- The Insurer’s allegation that the fire was a result of arson was obviously without merit
- The Insurer ignored the evidence of its own experts
- When the claim was denied, no explanation was offered to the Insured
- As a result of the denial, the Insured’s were “forced out into the snow”
- The Court found that the highest level of management was aware of these decisions, but took no steps to correct the deficiencies
- The actions of defence counsel throughout the course of the action was considered outrageous and bordering on misconduct
- The Court found that the Insureds had breached a “Peace of Mind Contract” when they knew it would have a detrimental effect on the Insured.

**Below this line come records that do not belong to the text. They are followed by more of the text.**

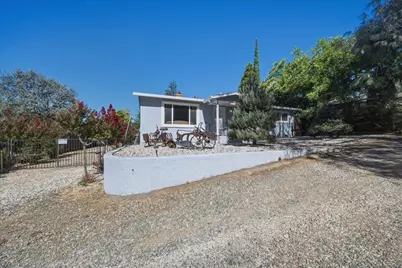 239 Cleary Drive, Auburn, CA 95603 - Photo 1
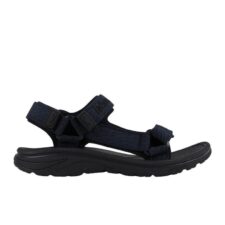 Sandale pentru barbati -  BM224244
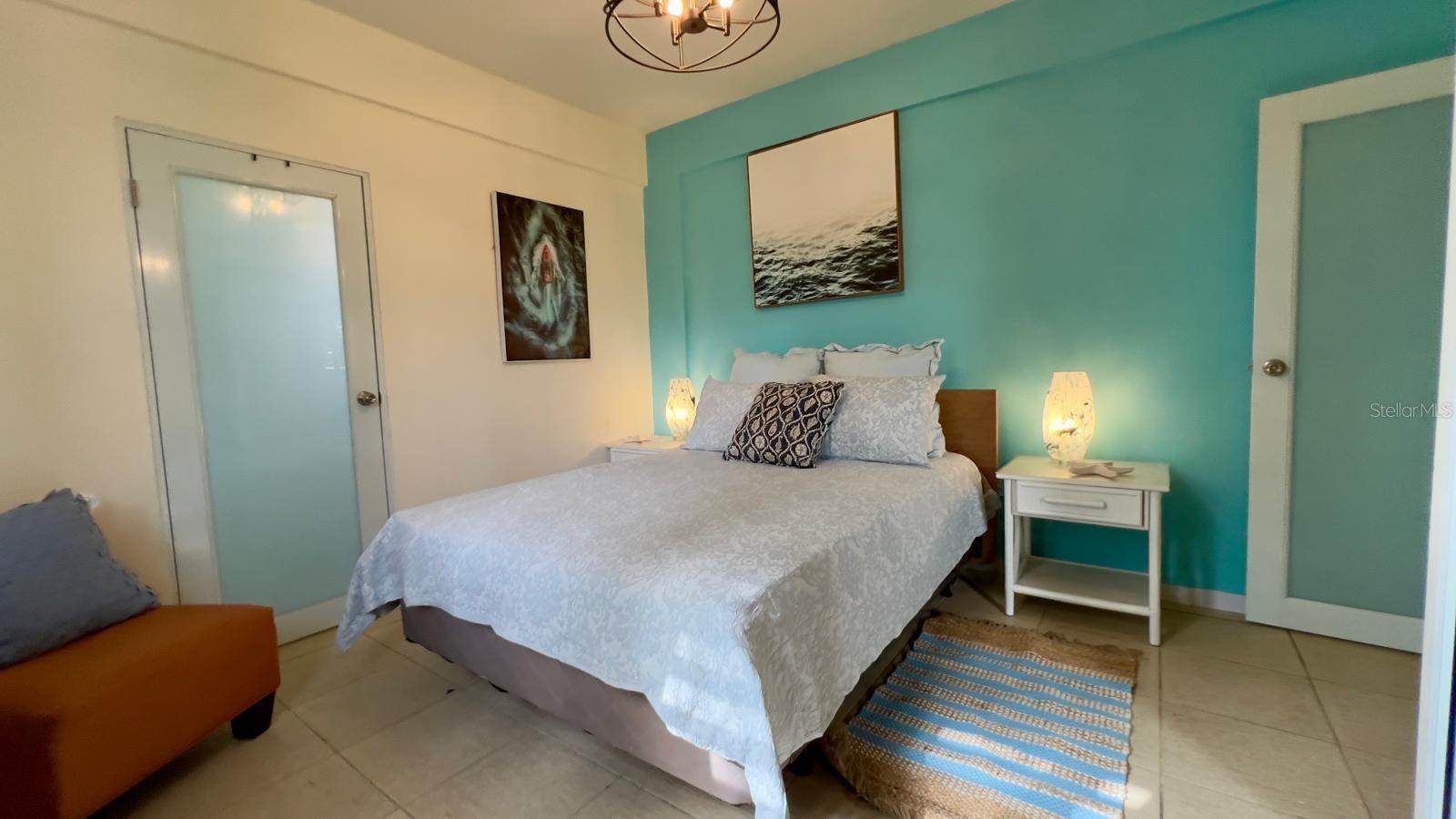 25 Parcellas Nievas Property Photo 12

The Supreme Court outlined six criteria, which should be considered by the Jury in determining the quantum of a punitive damage award:
It must be proportionate to:
1. The blameworthiness of the defendant’s conduct;
2. The degree of vulnerability of the plaintiff;
3. The harm or potential harm directed specifically at the plaintiff;
4. The need for deterrence;
5. Even after taking into account the other penalties, both civil and criminal which have been or are likely to be inflicted on the defendant for the same misconduct;
6. The advantage wrongfully gained by a defendant from the misconduct.
This significant damage award for Bad Faith opens the door to "U.S. style litigation" and shifts the emphasis from the subject matter of the contract to the action of the Insurer.